The night before International Women’s Day settled on Caleb Lim’s study, an evening for perfunctory posture. Posturing was in the wealthy Asian businessman’s DNA; years of company events and dinners and ingrained positioning. In the manner of a suave, well-heeled corporate figure, he typed a carefully worded tribute for his company’s Facebook page. A polished act of respect for the women his organisation couldn’t do without. A message his followers expected, and would admire. Of little consequence. The ceremonial gratitude was necessary. He swept his dismissiveness aside and arranged his goodness in cautiously worded sentences. 

He was about to click on the ‘post’ button when the phone on his rosewood table buzzed.  

A voice he couldn’t mistake. 

His daughter’s.

Disbelief turned to shock. Then hope arrived before reason. 

His daughter couldn’t be speaking to him. 

She had long since been cremated. After a long bout of depression. 

But, the heated words. His insistence that she should know her place as a  daughter. Her rudeness. Her utter defiance. 

Out of line. As a woman. 

But the dead had his number. How, he had no way to know.
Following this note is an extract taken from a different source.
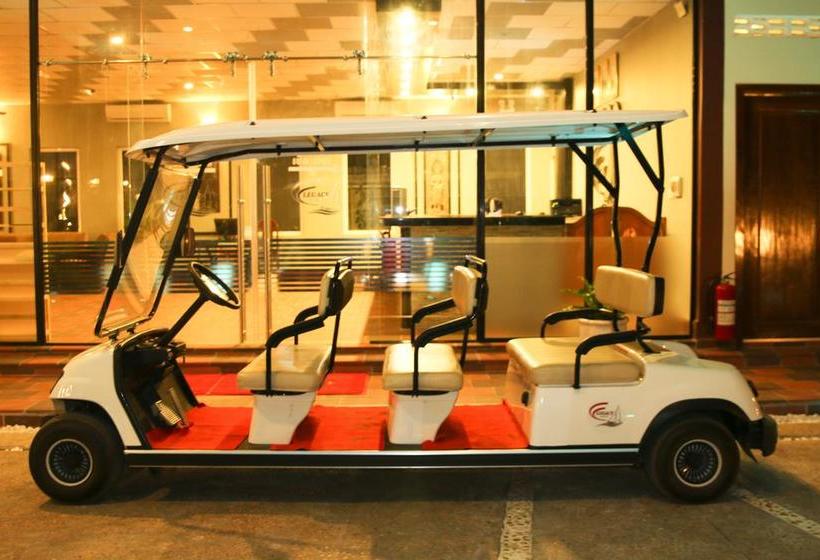 호텔 Twin Palms Resort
That voice – it was Jane’s. But what should have sounded comforting was instead wary.

Too wary.

‘Dad, I’m sorry to bother you…”

The apology always came before anything she ever said to him, especially if it mattered.

That came because isolation taught her displeasing him mattered. 

The haunting, soft caution. The almost ghostly tiptoe around his anger with her mere presence.

“I’m so sorry, dad, for calling at the wrong time…” 

Jane’s voice was not comforting, but had the soft ring of deference. Every sentence bent, low.

A woman’s bow. Too low.

She spoke as though that taking up his space was her failure. 

And he heard it in her manners. His damage. 

The receiver hung limp in his hand. She WAS dead. Too much so to be speaking to him. 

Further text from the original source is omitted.